Выполняя просьбу знакомой, уговорившей его доставить крупную сумму денег в Петроград, он переодевается и с большой группой бывших военнопленных, возвращающихся из Австрии, добирается почти до самой Москвы. Узнанный сыщиком, спасаясь от неминуемого ареста, которому он должен подвергнуться как член боевой эсеровской организации, Шкловский на ходу прыгает с поезда. Добравшись до столицы, он рассказывает о сложившейся ситуации А.М. Горькому, который ходатайствует за него перед Я.М. Свердловым. По некоторым источникам, тот выдает ему документ на бланке ЦИКа, где содержится требование прекратить дело Шкловского. В конце года Шкловский принимает решение больше отказаться от политической деятельности.

В начале 1919 г. Шкловский возвращается в Петроград. Этому обстоятельству немало способствовало то, что партия эсеров, руководство которой призвало к отказу от вооруженного сопротивления, была амнистирована. По всей вероятности, решение сменить тип поведения и некоторые жизненные установки было столь глубоким, что, женившись около этого времени на В.Г. Корди (1890-1977), Шкловский принял фамилию жены, но «не выдержал характера», как говорил сам, и продолжал подписываться прежней фамилией.

Шкловский много пишет о литературе, живописи, театре, массовых зрелищах, цирке, отстаивая независимость художественной сферы от идеологии: ««Искусство всегда было вольно от жизни, и на цвете его никогда не отражался цвет флага над крепостью города». Такая постановка вопроса характерна для формального метода, толковавшего законы литературы, как имманентные, и видевшего причину изменения художественных форм в необходимости замены форм старых, а потому не воспринимаемых, новыми.

Он преподает в Студии художественного перевода при петроградском издательстве «Всемирная литература» теорию литературы и продолжает преподавательскую деятельность, когда студия переезжает в Дом искусств, где преобразуется в Литературную студию, там Шкловский читает курс по теории художественной прозы.

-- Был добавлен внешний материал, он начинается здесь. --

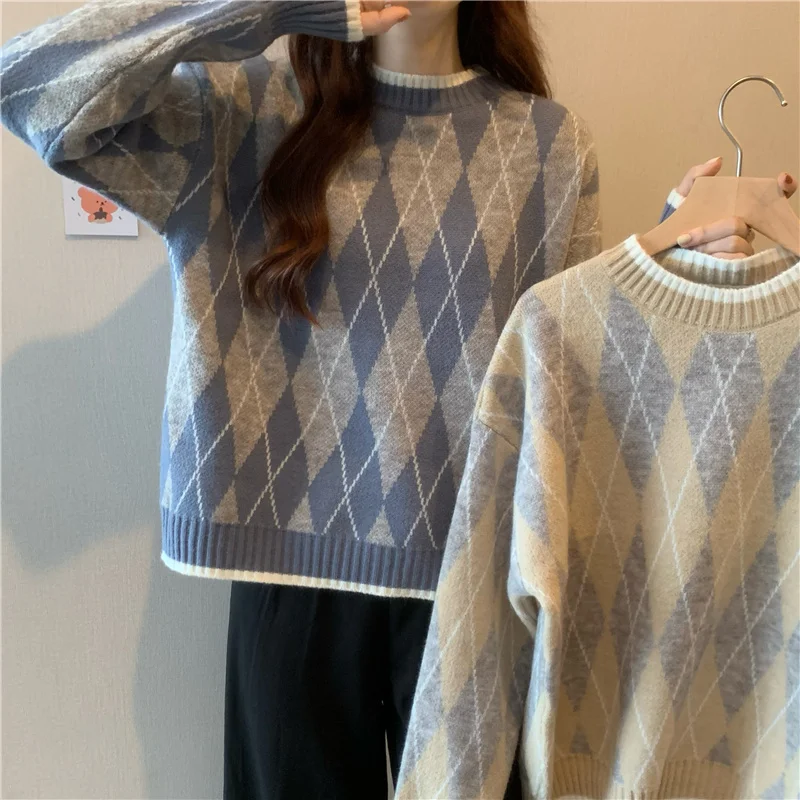 

Sweater Women's Autumn and Winter Loose Wear Lazy Style 2021 New Design Sense of Minority Color Contrast Ling Ge Gentle Style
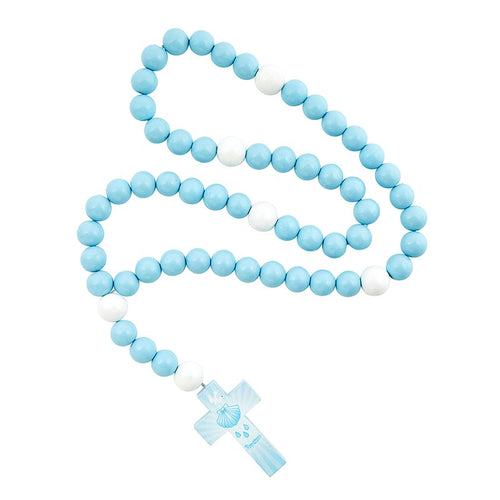 Blue Wooden Baby Rosary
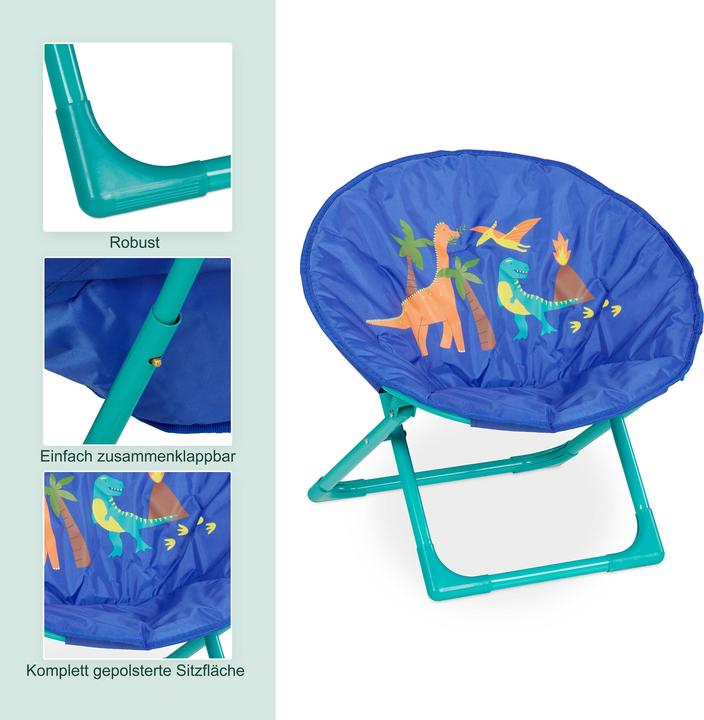 Actual product image Relaxdays Foldable Kids Moon Chair, Camping Seat (Child armchair)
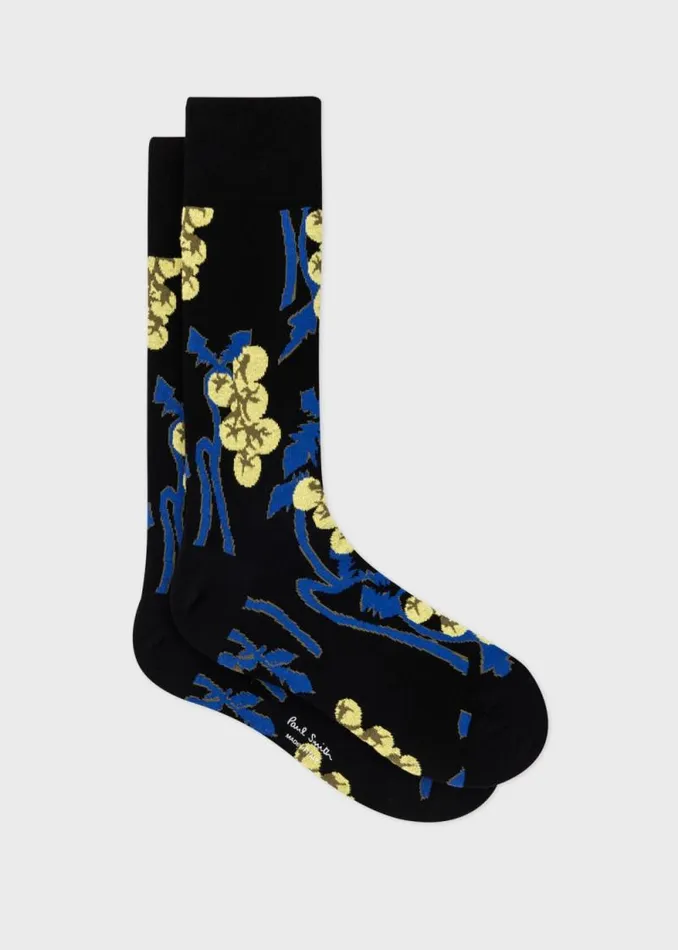 Mens Paul Smith Socks Black 039Tomato Vine039 Cotton Socks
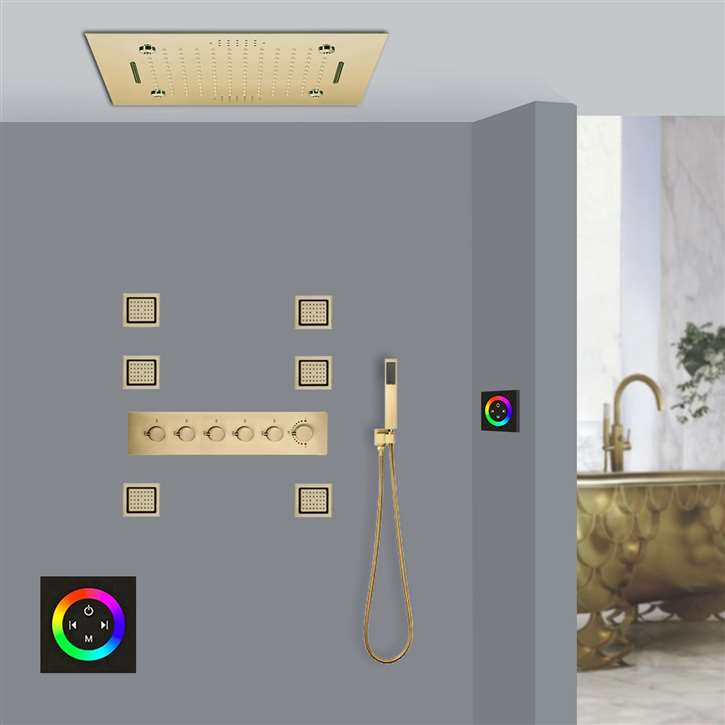 Trani Brushed Gold Thermostatic LED Touch Panel Controlled Musical Recessed Ceiling Mount Rainfall Waterfall Mist Shower System with Jetted Body Sprays and Hand Shower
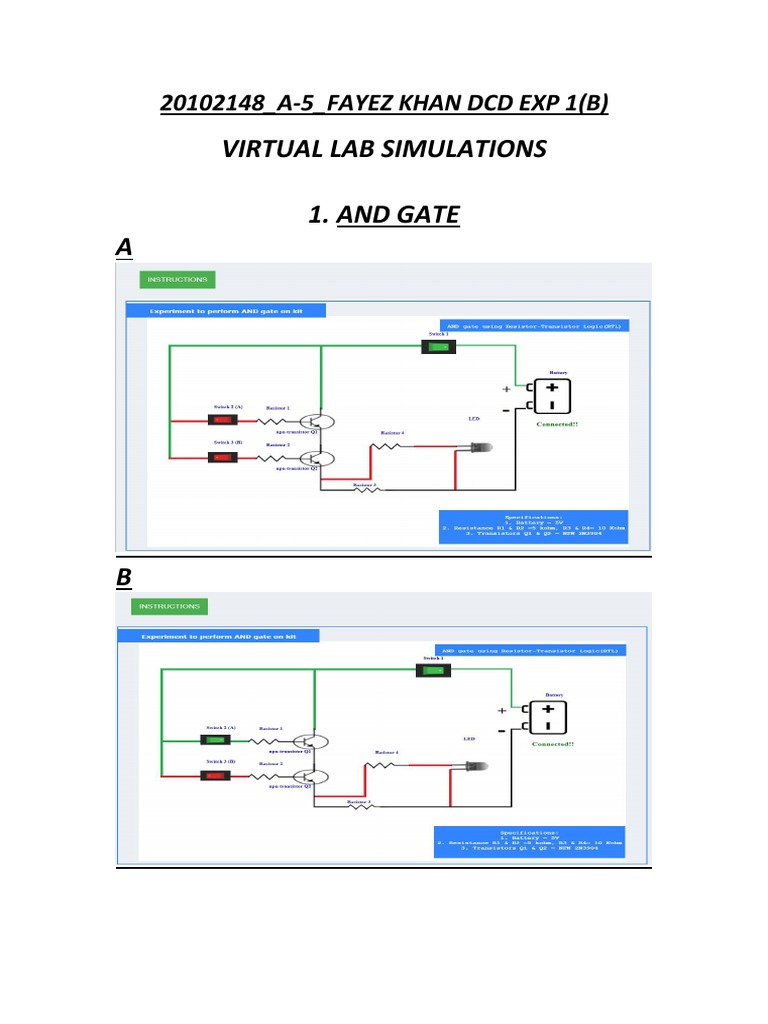 Virtual Lab Simulations 1. and Gate A: 20102148 - A-5 - FAYEZ KHAN DCD ...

Он работает над воспоминаниями, регулярно публикуется в газете «Жизнь искусства». В этой газете, среди прочих, появляется статья «Кинематограф как искусство», а в газете «Искусство коммуны» статья «О кинематографе», одни из первых его работ в области, теории и практике которой он отдал впоследствии столько сил. Отдельным изданием выходит статья «Связь приемов сюжетосложения с общими приемами стиля» (1919), фрагмент обширной работы по теории прозы, задуманной Шкловским, и коллективный сборник «Поэтика» (третий выпуск серии «Сборники по теории поэтического языка»).

Весной 1920 г. Шкловский стреляется на дуэли. Затем оставляет Петроград и отправляется на поиски жены, которая выехала на Украину, спасаясь от голода, в рядах Красной армии принимает участие в боях при Александровске, Херсоне и Каховке. Вновь возвращается в Петроград, селится в общежитии Дома искусств. 9 октября 1920 г. Шкловский избран профессором Российского института истории искусств по разделу теория литературы факультета истории словесных искусств.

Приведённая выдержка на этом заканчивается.